For the word "Full", work out how many lines in the records below contain it and state that count alone.

[Short web captions]
• • • •

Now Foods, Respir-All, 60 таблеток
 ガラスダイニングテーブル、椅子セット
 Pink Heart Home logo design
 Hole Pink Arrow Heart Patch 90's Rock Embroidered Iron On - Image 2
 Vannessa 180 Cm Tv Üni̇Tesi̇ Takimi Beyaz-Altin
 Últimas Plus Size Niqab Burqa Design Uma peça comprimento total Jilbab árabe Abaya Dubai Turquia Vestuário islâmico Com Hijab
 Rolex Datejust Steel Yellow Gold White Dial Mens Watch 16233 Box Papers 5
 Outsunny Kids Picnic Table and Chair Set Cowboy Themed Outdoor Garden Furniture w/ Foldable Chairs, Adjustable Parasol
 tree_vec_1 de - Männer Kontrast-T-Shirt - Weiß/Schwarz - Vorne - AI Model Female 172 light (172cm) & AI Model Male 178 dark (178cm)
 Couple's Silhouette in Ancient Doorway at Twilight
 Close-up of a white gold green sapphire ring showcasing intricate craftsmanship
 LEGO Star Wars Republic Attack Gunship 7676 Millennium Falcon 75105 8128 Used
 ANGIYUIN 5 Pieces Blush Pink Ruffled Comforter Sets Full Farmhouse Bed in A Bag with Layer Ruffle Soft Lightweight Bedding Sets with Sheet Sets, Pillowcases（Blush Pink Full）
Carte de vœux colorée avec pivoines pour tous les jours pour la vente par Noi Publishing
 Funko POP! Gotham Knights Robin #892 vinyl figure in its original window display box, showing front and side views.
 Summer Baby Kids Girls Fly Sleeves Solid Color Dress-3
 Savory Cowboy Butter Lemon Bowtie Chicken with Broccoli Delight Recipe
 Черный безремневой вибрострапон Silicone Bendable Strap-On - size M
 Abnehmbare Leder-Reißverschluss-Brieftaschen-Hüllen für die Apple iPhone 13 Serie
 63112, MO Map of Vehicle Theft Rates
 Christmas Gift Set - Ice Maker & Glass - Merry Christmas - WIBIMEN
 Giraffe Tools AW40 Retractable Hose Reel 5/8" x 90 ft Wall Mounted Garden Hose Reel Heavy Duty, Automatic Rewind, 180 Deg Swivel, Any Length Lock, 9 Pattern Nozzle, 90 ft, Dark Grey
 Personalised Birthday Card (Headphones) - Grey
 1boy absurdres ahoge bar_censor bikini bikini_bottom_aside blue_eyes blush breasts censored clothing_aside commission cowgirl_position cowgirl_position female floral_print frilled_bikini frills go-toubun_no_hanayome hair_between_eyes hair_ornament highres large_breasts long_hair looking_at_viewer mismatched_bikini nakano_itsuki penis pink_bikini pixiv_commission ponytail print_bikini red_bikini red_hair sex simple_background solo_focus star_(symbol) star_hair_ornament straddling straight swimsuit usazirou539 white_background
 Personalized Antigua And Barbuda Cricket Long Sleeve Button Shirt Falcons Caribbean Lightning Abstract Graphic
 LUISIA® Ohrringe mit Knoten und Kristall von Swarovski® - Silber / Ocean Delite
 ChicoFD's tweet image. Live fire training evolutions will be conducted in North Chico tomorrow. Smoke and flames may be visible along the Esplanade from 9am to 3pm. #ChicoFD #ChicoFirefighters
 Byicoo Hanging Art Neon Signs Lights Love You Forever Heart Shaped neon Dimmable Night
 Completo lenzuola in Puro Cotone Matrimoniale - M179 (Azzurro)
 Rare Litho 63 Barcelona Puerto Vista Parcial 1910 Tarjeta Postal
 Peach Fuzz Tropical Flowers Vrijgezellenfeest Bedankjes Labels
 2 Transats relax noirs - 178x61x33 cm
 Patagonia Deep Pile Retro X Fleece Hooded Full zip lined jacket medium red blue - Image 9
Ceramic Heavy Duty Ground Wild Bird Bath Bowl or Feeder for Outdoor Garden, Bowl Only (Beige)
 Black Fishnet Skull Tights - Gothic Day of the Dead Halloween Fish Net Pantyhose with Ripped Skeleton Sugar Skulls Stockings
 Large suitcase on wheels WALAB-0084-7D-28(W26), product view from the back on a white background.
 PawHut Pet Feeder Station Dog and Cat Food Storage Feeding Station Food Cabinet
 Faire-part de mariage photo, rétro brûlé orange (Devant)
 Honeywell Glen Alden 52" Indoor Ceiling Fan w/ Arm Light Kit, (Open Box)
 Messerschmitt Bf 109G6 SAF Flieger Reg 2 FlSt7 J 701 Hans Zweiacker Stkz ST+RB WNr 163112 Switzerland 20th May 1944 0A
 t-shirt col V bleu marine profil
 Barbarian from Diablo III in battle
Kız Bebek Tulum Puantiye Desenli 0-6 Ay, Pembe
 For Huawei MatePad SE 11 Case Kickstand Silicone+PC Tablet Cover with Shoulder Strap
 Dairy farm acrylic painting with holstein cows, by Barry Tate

• • • •

Output of the exercise: 2